Lévi-Strauss, observa a pesquisadora, cada vez mais aproxima arte e antropologia. “O motivo pelo qual a antropologia se interessa pela arte é que a arte é uma parte da cultura e é, em mais alto ponto, a tomada de posse da natureza pela cultura, que é o protótipo dos fenômenos que os etnólogos estudam.” Nada, porém, é simples e sua curiosidade intelectual o leva a novos caminhos. “Tenho uma consciência neolítica”, escreveu Lévi-Strauss. Falava de si e de seus novos interesses ao mesmo tempo. “Como a ciência do concreto, o pensamento selvagem é simul­taneamente analítico e sintético. Tem ambição sim­bólica e se volta à percepção e classificação do universo imediato e empírico. Ao contrário do pensamento domesticado, é descontínuo, pretendendo ser sincrônico e diacrônico, expressa uma compreensão atemporal do mundo”, explica a pesquisadora.
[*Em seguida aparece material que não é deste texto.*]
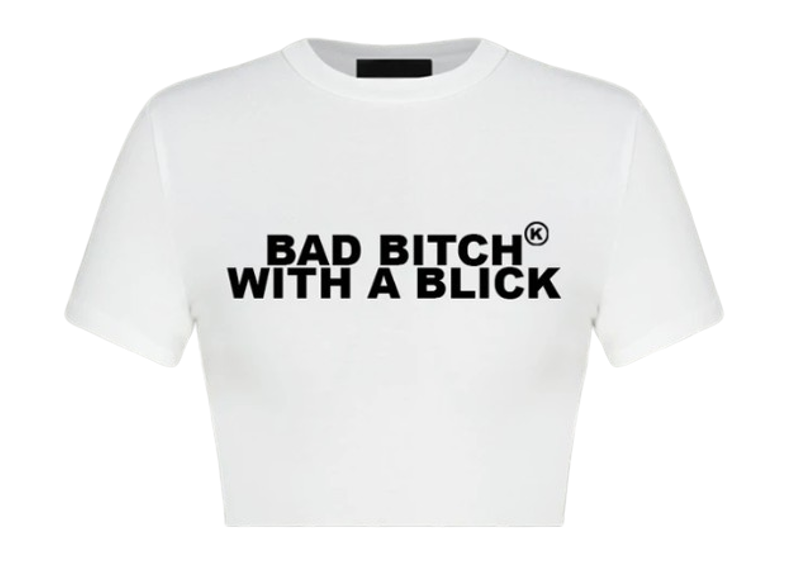 BAD B*TCH WITH A BLICK (BLACK/WHITE)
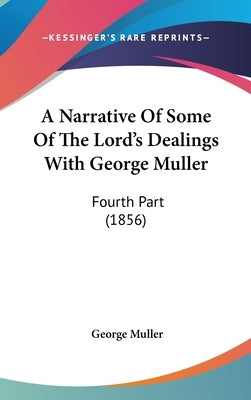 A Narrative of Some of the Lord's Dealings with George Muller: Fourth Part (1856) by Muller, George
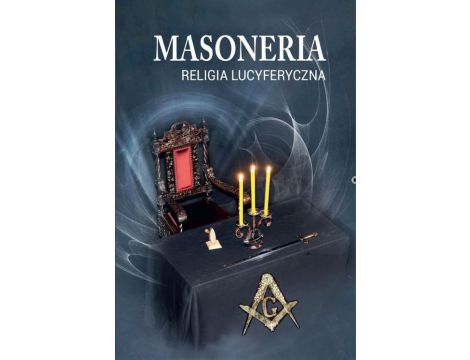 Masoneria. Religia lucyferyczna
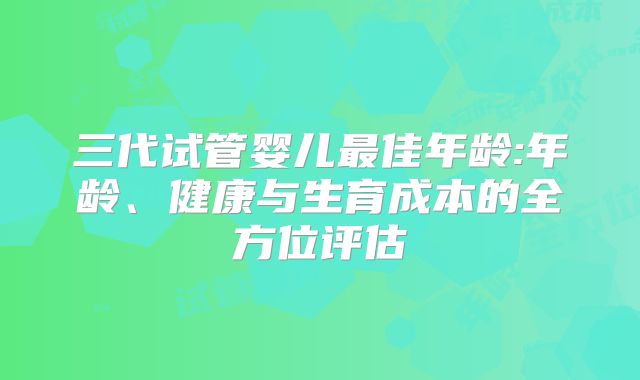 三代试管婴儿最佳年龄:年龄、健康与生育成本的全方位评估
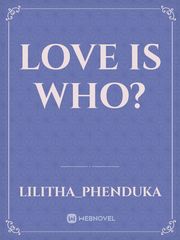 Love is who? Book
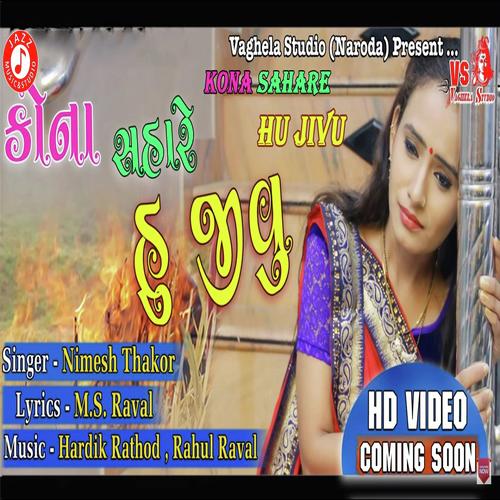 Kona Sahare Hoon Jivu by Nimesh Thakor - Download on PagalFree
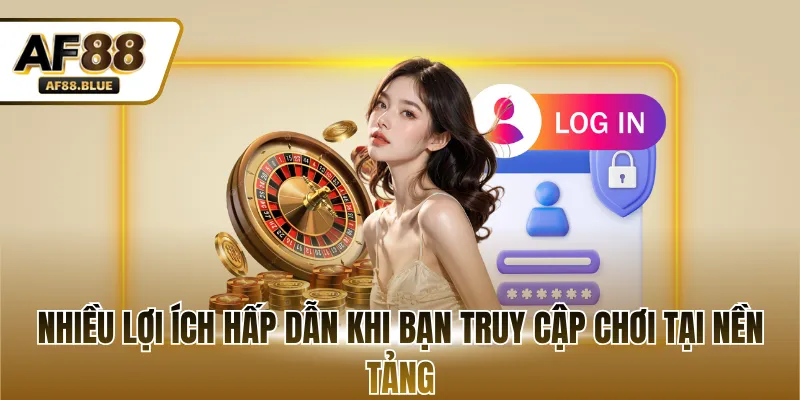 Nhiều lợi ích hấp dẫn khi bạn truy cập chơi tại nền tảng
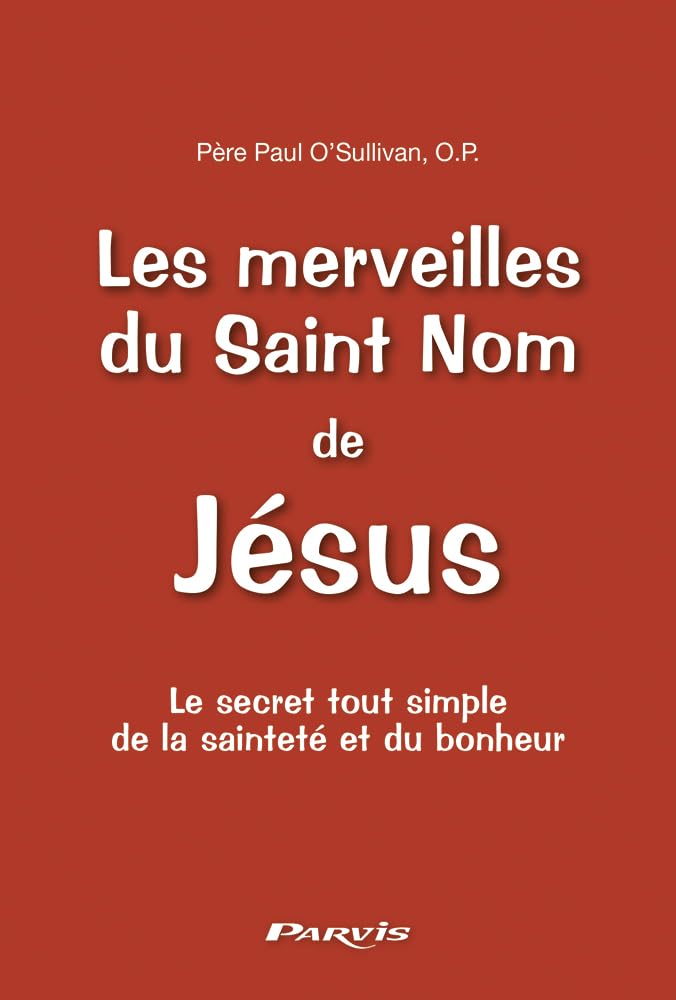 Les merveilles du saint Nom de Jésus - Le secret tout simple de la sainteté et du bonheur book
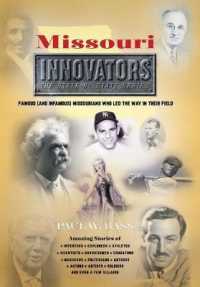 Missouri Innovators : Famous (and Infamous) Missourians Who Led the Way in Their Field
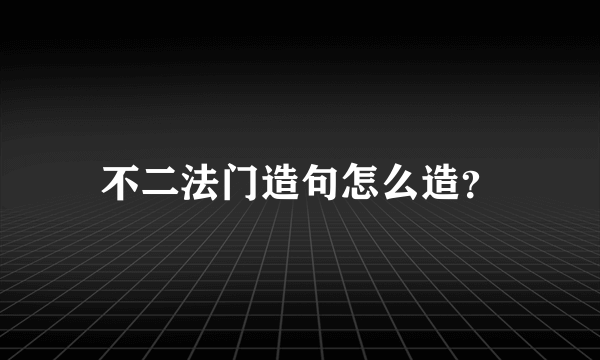 不二法门造句怎么造？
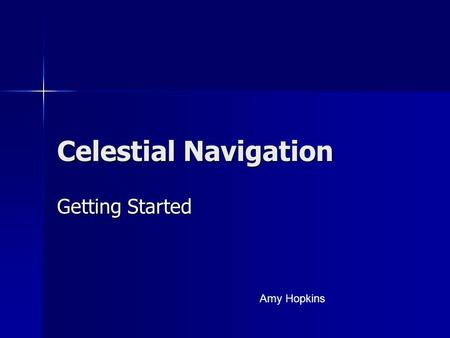 Celestial Navigation Getting Started Amy Hopkins.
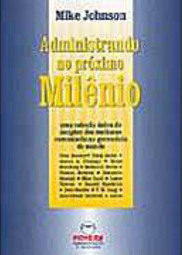 Administrando no Próximo Milênio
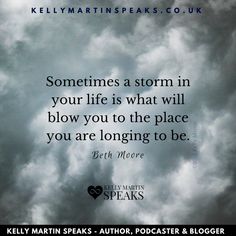 clouds with the quote sometimes a storm in your life is what will blow you to the place you are longing to be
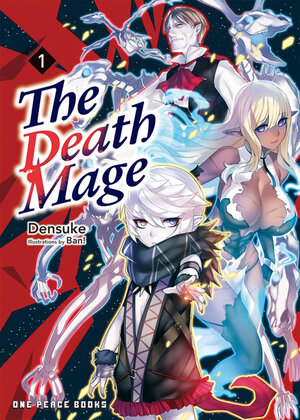 Death Mage Vol 01 Light Novel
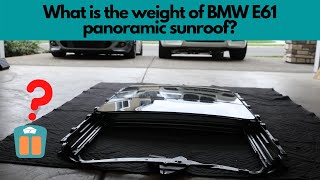 What is the weight of BMW E61 panoramic sunroof [upl. by Elias]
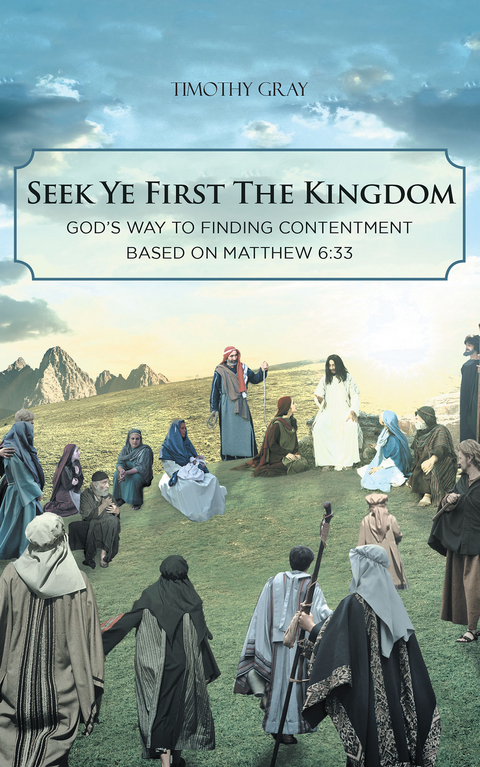 Seek Ye First the Kingdom: God's Way to Finding Contentment Based on Matthew 6:33 - Timothy Gray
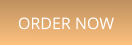 ORDER NOW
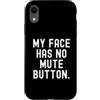 Sarcastic Saying Co Custodia per iPhone XR la mia faccia non ha il pulsante di disattivazione dell'audio Witty Observational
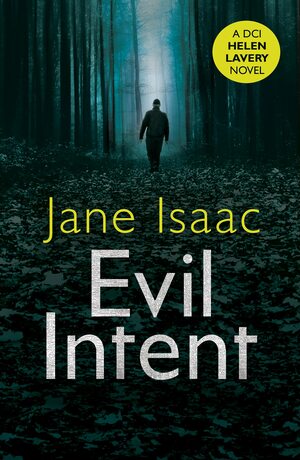 Evil Intent by Jane Isaac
Daí mais um laço entre a arte primitiva e o pensamento mítico: a significação de seres míticos na arte é atemporal, dialogando com um tempo primevo no qual sincronia e diacronia se fecham. “O pensamento selvagem identifica-se com o mito, a magia e a arte, podendo conviver com o pensamento científico moderno.” Ele chegou lá. “O pensamento das sociedades primitivas solicita novos modos de pesquisa, que devem investigar as formas pelas quais ele constitui como objeto os seres e os fenômenos da natureza.”

Como nota a autora, ser antropólogo adquire uma nova dimensão, em que o diálogo com a arte não se restringe a uma especialização. “O domínio se ampliou e os territórios se interpenetraram, tornando obsoleta a figura do antropólogo da arte, especialista que pesquisava objetos primitivos, que, por serem primitivos, eram exóticos.” Apenas com as pesquisas sobre o caráter simbólico dos objetos é que foi possível reunir natureza e cultura novamente, não mais apartando objetos culturais de naturais. “Descobrir que esse é o procedimento da arte permite, enfim, reunir os olhares e aliar antropologia (e por extensão, as outras ciências) e arte.” A arte deixa de ser apenas ilustração, mas que “é possível rearticular essas duas formas de pensamento ao se perceber que qualquer arte é produto intelectual”. É a aliança entre o sensível e o inteligível. “Assim, num nível profundo, formas de pensamento científico e artístico podem coincidir.” A emoção estética proporcionada por qualquer arte advém de sua carga reflexiva e intelectual. Chegam ao ápice as viagens e explorações do homem que odiava ambas. “A partir desse momento, não haverá mais necessidade de se questionar as fronteiras entre diversas especialidades, pois as novas modalidades de pesquisa e produção de conhecimento terão diluído as antigas demarcações entre a ciência e outras formas de pensamento”, conclui a pesquisadora.